Nasa has released amazing new pictures of Jupiter, the 5th planet from the Sun and the largest in the Solar System. The pictures were obtained from Nasa’s Juno spacecraft. The Juno mission is part of the New Frontiers Project and set off on its mission from Cape Canaveral in Florida in 2011.
While it took 5 years for the probe to reach Jupiter, which is 775 million kms from Earth, it has been carrying out its mission to research the giant planet’s composition, gravitational and magnetic fields as well as its polar magnetosphere. It will also seek to discover how the planet was formed, which includes trying to discover if there exists a solid surface beneath the thick coating of gas and the 600km/h winds that shroud the entire planet.
The images taken as close as 5,000kms above the planet’s surface are truly astounding and show it in greater detail than ever before.

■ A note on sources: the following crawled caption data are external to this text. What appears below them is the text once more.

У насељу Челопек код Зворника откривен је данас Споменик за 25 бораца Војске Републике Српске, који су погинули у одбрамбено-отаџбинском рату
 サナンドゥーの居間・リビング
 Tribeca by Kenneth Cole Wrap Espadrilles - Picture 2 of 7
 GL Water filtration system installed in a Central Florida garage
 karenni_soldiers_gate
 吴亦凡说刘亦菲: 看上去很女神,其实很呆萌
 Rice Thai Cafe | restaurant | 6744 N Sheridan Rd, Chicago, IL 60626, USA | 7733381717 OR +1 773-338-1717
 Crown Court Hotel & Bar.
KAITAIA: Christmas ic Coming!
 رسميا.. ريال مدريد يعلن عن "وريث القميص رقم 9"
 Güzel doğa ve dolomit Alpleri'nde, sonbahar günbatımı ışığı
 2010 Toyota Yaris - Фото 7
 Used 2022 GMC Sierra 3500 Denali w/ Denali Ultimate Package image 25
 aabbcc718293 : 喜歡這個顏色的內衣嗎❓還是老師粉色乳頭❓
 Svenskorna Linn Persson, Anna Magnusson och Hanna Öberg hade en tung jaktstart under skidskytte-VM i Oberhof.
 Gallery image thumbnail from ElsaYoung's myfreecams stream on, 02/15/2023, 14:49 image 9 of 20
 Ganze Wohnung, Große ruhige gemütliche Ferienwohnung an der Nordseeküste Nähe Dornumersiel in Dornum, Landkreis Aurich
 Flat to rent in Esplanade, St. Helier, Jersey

While previous fly pasts by probes, notably the Voyager mission of the late 1970s, have shown images of Jupiter improvements in photographic and technological equipment have given greater insight and detail than ever before.
This isn’t the first time that the New Horizons project has got close to Jupiter, the probe, also called New Horizons, and launched in 2006 (the fastest ever probe launched from Earth) passed by Jupiter in 2007, however its primary goal was to reach and investigate the former-planet Pluto – which it achieved in 2015 and it is currently on its way to explore further icy micro-planets at the furthest edges of our solar system. But while New Horizons only passed by Jupiter, Juno is only the second probe to actually orbit our massive neighbour, after Galileo from 1995 to 2003.
These unbelievable, non-artificially enhanced, images show the vast stormy clouds of the atmosphere, the famous ‘red spot’ which could easy swallow planet earth whole and the vast circular winds that circumnavigate the planet.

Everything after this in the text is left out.